Provided information >>
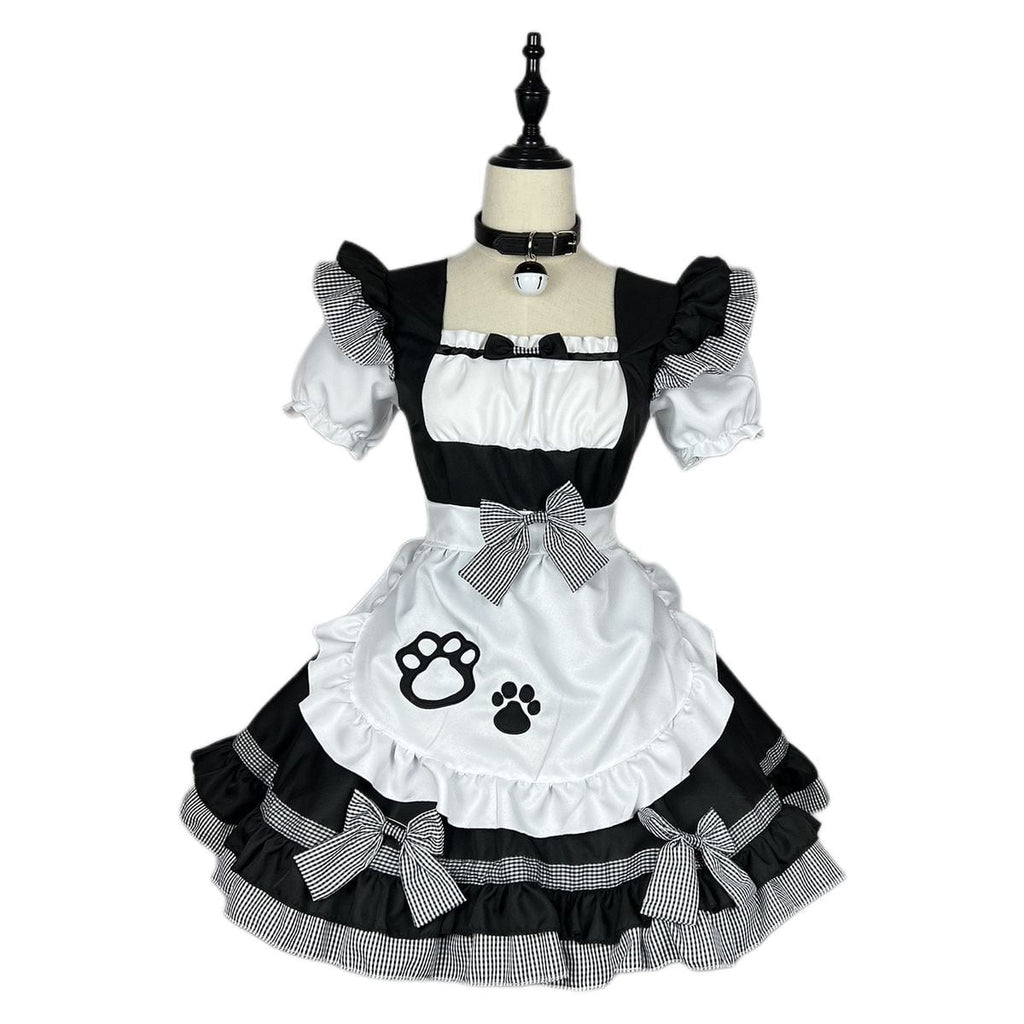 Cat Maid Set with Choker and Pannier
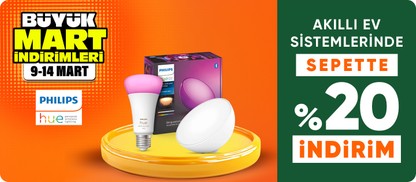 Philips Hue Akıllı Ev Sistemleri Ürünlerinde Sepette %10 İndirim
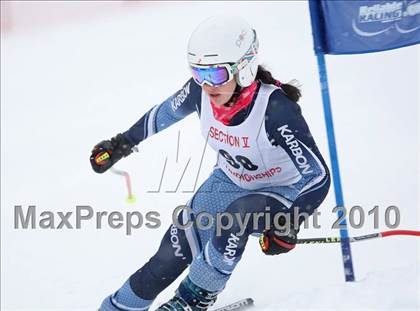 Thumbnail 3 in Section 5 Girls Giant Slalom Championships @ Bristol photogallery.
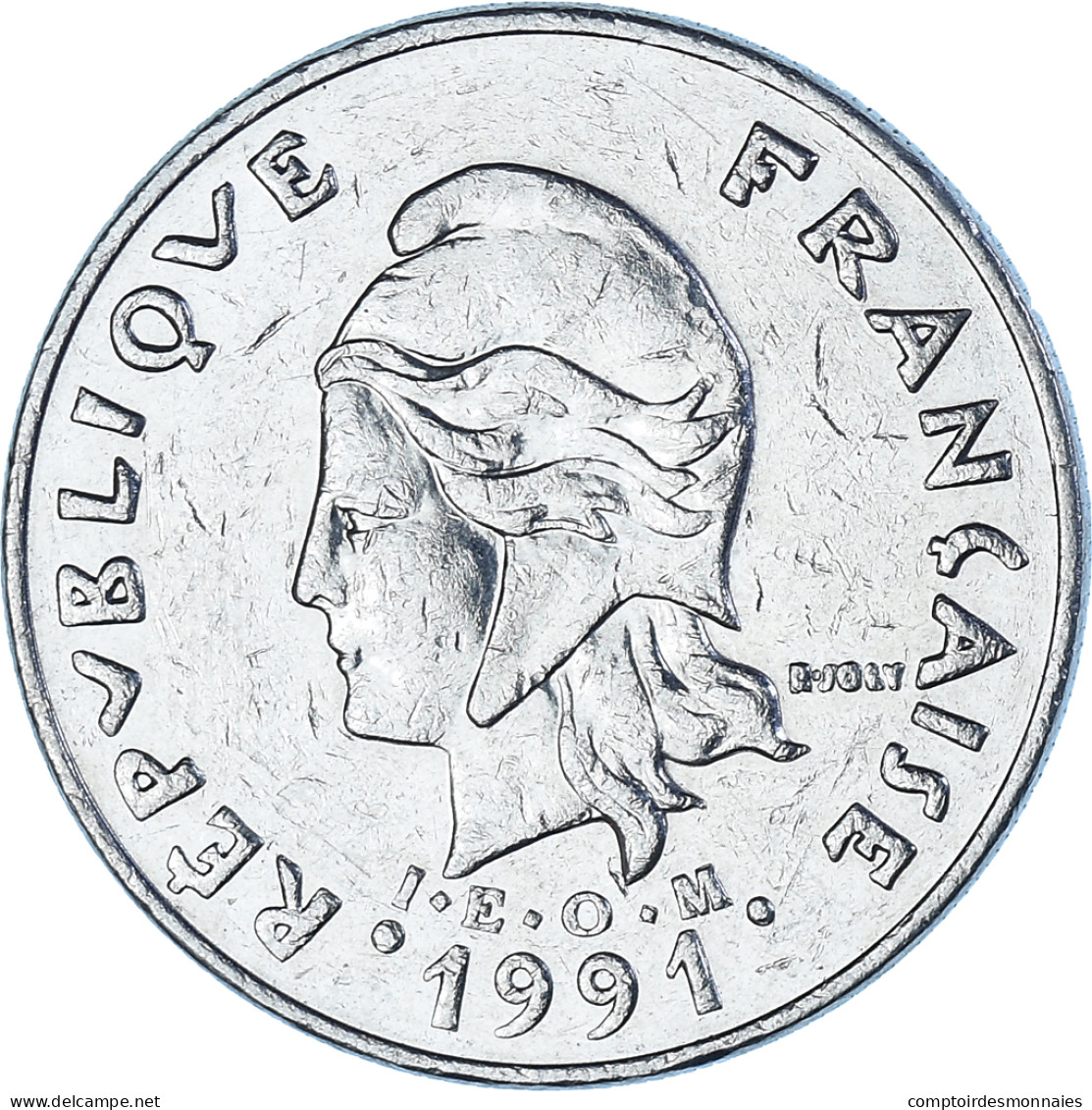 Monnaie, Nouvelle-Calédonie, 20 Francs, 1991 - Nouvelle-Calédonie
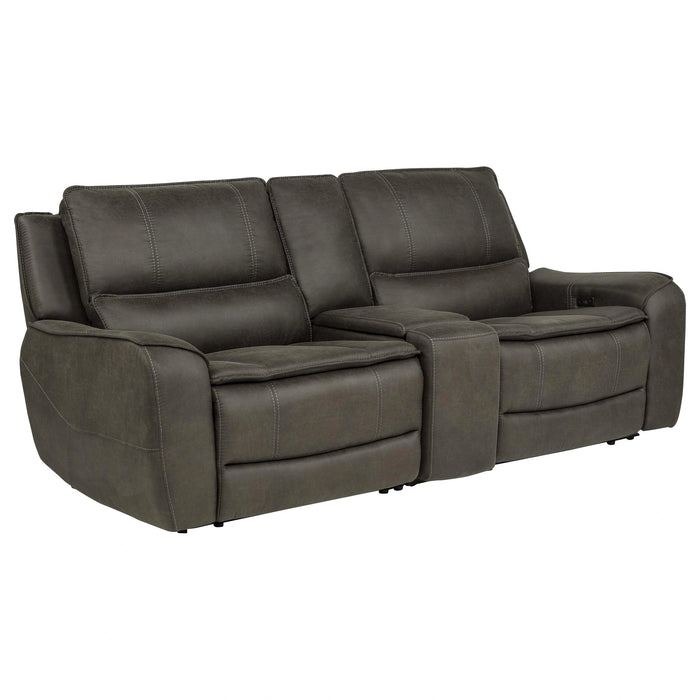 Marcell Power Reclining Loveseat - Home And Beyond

What you are asked to do >> Return the material exactly as it reads, though without the pictures it holds.

Answer below >>
 Cat Maid Set with Choker and Pannier
 Philips Hue Akıllı Ev Sistemleri Ürünlerinde Sepette %10 İndirim
 Thumbnail 3 in Section 5 Girls Giant Slalom Championships @ Bristol photogallery.
 Monnaie, Nouvelle-Calédonie, 20 Francs, 1991 - Nouvelle-Calédonie
 Marcell Power Reclining Loveseat - Home And Beyond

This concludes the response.